Questi sensori acquisiscono e trasmettono continuamente dati granulari, che in ultima analisi gettano luce sulla funzionalità del sistema più ampio e consentono ai decision maker di individuare opportunità di miglioramento. Sia che venga rilevata un'inattività della macchina o problemi quali perdite d'aria, i sensori consentono ai produttori di prevenire rapidamente i problemi e correggerli attraverso la manutenzione, le riparazioni o gli aggiornamenti, prima che si ripercuotano sulla produttività.

L'obiettivo finale, naturalmente, è la produzione ottimizzata. La combinazione dei vantaggi dell'Internet of Energy, dei big data e dell'Industria 4.0 garantisce maggior tempo di operatività. La manutenzione, programmata e non, può avvenire su base predittiva, garantendo l'esecuzione dei lavori di manutenzione solo quando è necessario e al momento della minima interruzione del funzionamento.

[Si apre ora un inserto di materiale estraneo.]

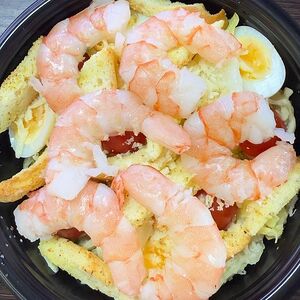 Салат Цезарь с креветкой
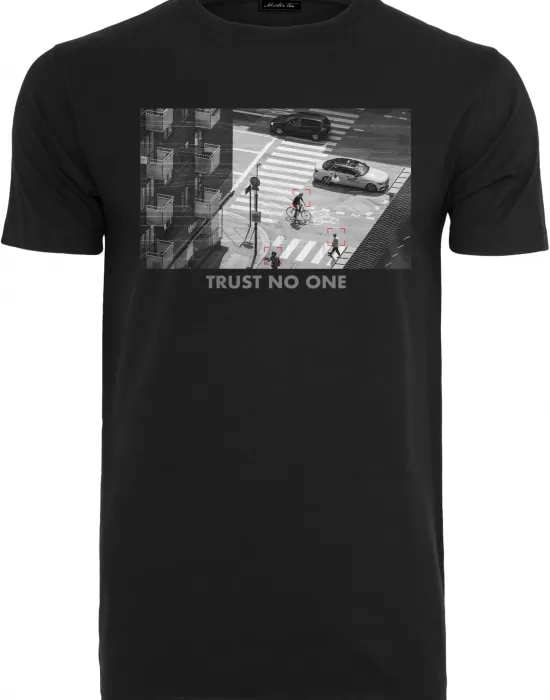 Мъжка тениска в черен цвят Mister Tee Trust no one, Тениски - Hoodstyle.bg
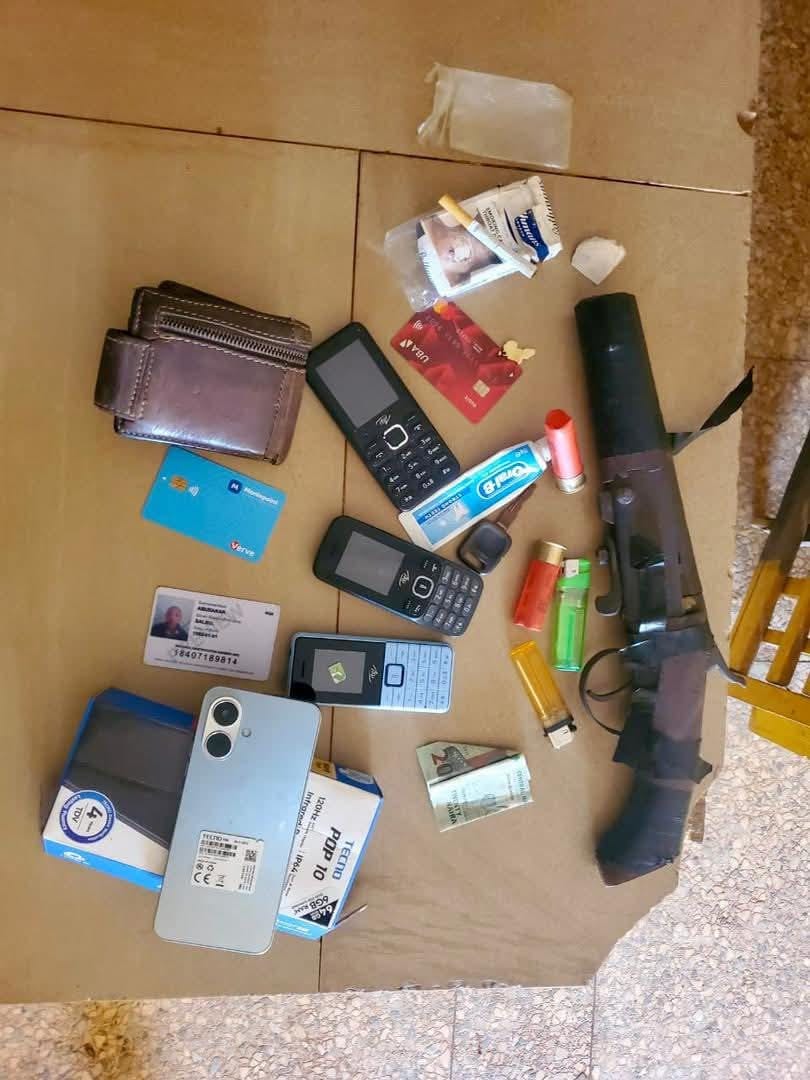 Arrested kidnappers and recovered exhibits
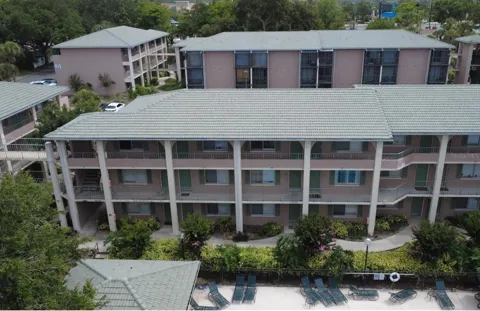 131 WATER FRONT WAY #220
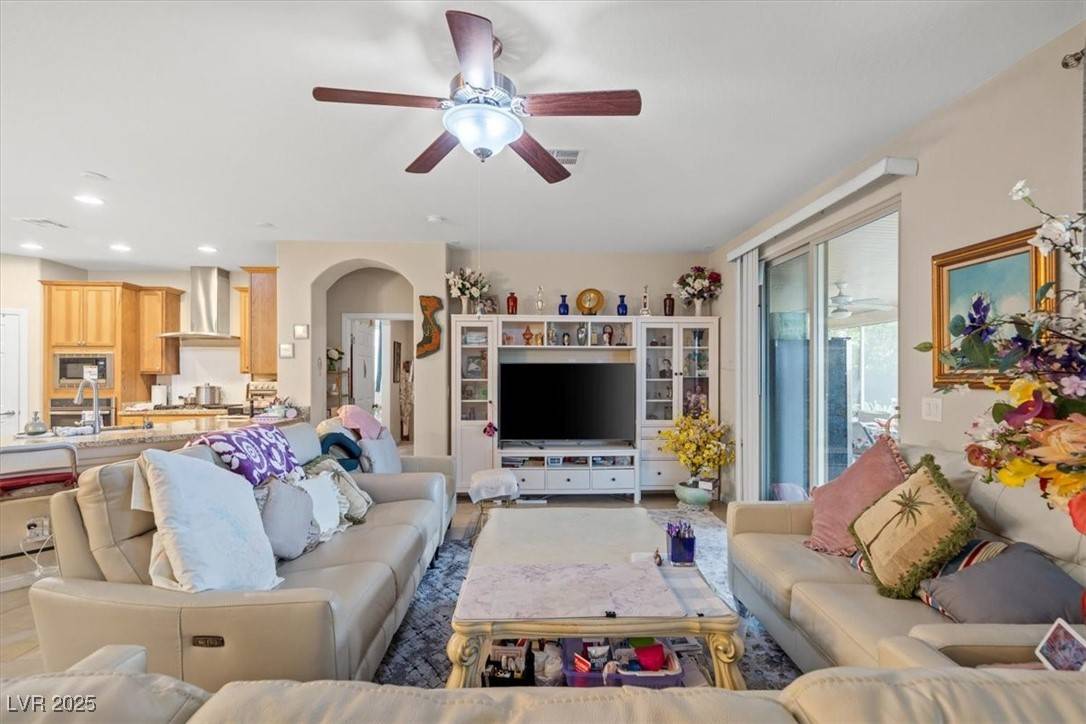 Las Vegas, NV 89148,6168 Stetson Cove CT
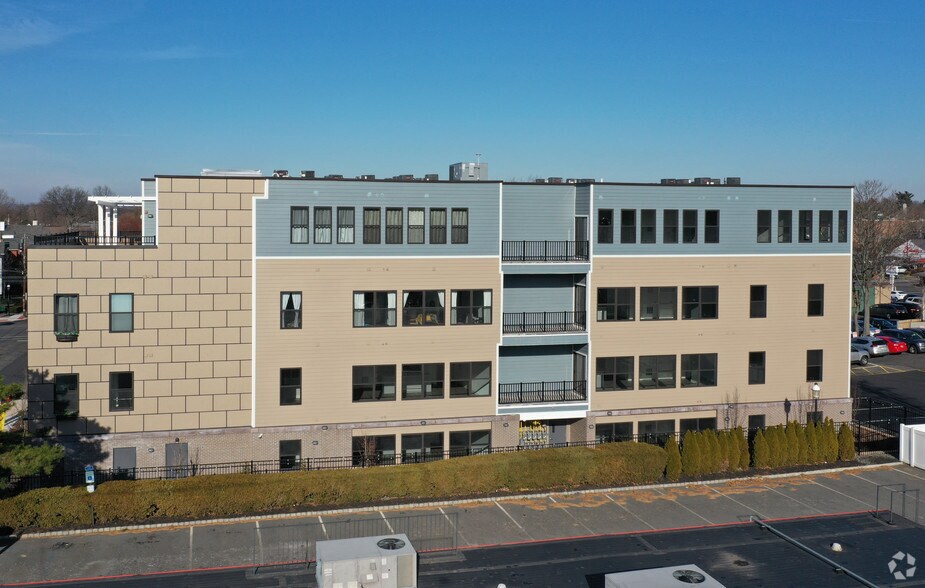 More Photos Of 22 Center St, Metuchen Apartments For Sale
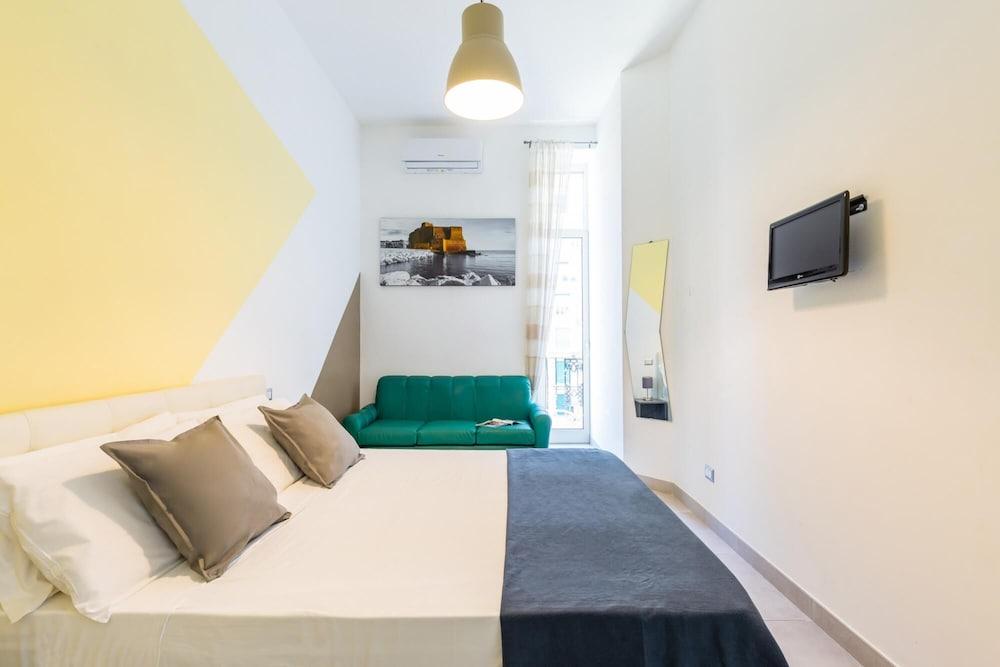 Foria 49 Apartment 1 by Wonderful Italy 1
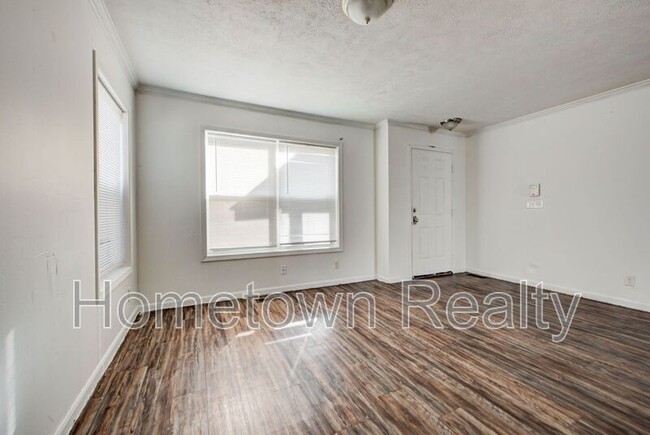 Building Photo - 2701 S Phillips Ave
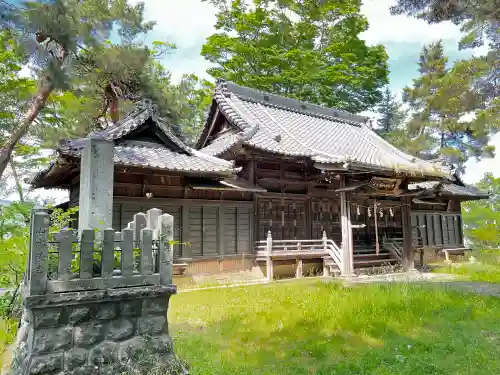 健御名方富命彦神別神社の本殿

Analogamente, è possibile dire addio ai guasti e in fabbrica tutte le operazioni e i movimenti si svolgono in perfetta armonia. Gli asset, naturalmente, dovranno ancora essere disattivati per la manutenzione o lo smantellamento, ma la produzione non si fermerà mai.

Anche le prestazioni scadenti della macchina verranno eliminate in modo intelligente e metodico in modo da non ostacolare le operazioni in corso. Attraverso l'aumento dell'energia, le temperature di runtime elevate o altre anomalie, l'Internet of Energy tenderà a individuare gli asset dalle prestazioni ridotte e a occuparsene. Nessun malfunzionamento, non importa quanto piccolo, passerà inosservato.

In sostanza, unendo le forze dell'IoE, dei big data e dell'Industria 4.0 sarà possibile massimizzare il ROI e ottimizzare l'efficienza del processo produttivo. Si tratta di sistemi intelligenti e connessi che rispondono alle condizioni e agli sviluppi del mondo reale. L'introduzione della connettività, della sincronicità e dell'intelligenza di nuova generazione nelle attività produttive consente un miglioramento dei processi, risoluzioni più rapide dei problemi e l'ottenimento di prodotti di qualità superiore, con la conseguenza di un costo inferiore per l'avvio.